Hello everyone!
I'm having some troubles using the geopandas.GenericDataset. Here is my dataset:
raw_line: type: geopandas.GenericDataset filepath: "data/01_raw/lines/lines.shp" file_format: file
DatasetError: Failed while loading data from dataset GenericDataset(file_format=file, filepath=C:/MyCodes/my_project/data/01_raw/lines/lines.shp, load_args={}, protocol=file, save_args={}). Failed to open dataset (flags=68): /vsimem/6485f3632b634505a3cf8c07708393b2
kedro==0.19.9 kedro-datasets==5.1.0 fiona==1.10.1 fsspec==2024.10.0 geopandas==1.0.1
Using a .zip with all the files works, but I wouldn't like to do that because I'm reading files that are written by other software.
Hi Julio,
If I understood correctly, the issue may be due to the set of files associated with the .shp
file.
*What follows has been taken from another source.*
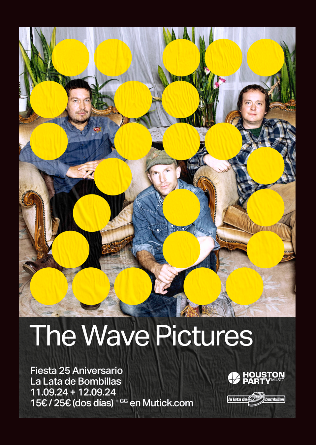 The Wave Pictures (UK) - 25 aniversario en Zaragoza - JUEVES 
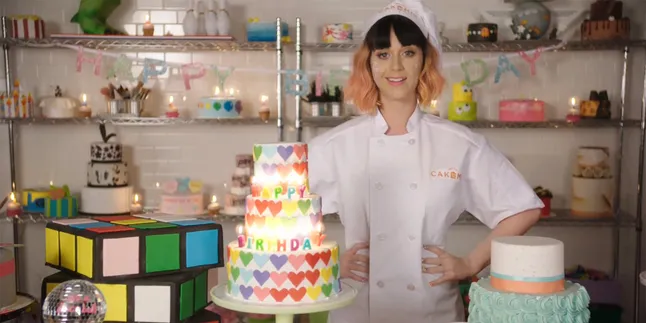 Katy Perry Bakal Gila-Gilaan Total Pada Klip Barunya, 'Birthday'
When using fsspec
, these files need to be packaged together in a .zip
. If that’s inconvenient and you don’t need fsspec
, you could create a simpler custom version of GenericDataset
without fsspec
. What do you think?
For the main version of the dataset, I believe we should keep fsspec
, even with these limitations.
although "data/01_raw/lines/lines.shp"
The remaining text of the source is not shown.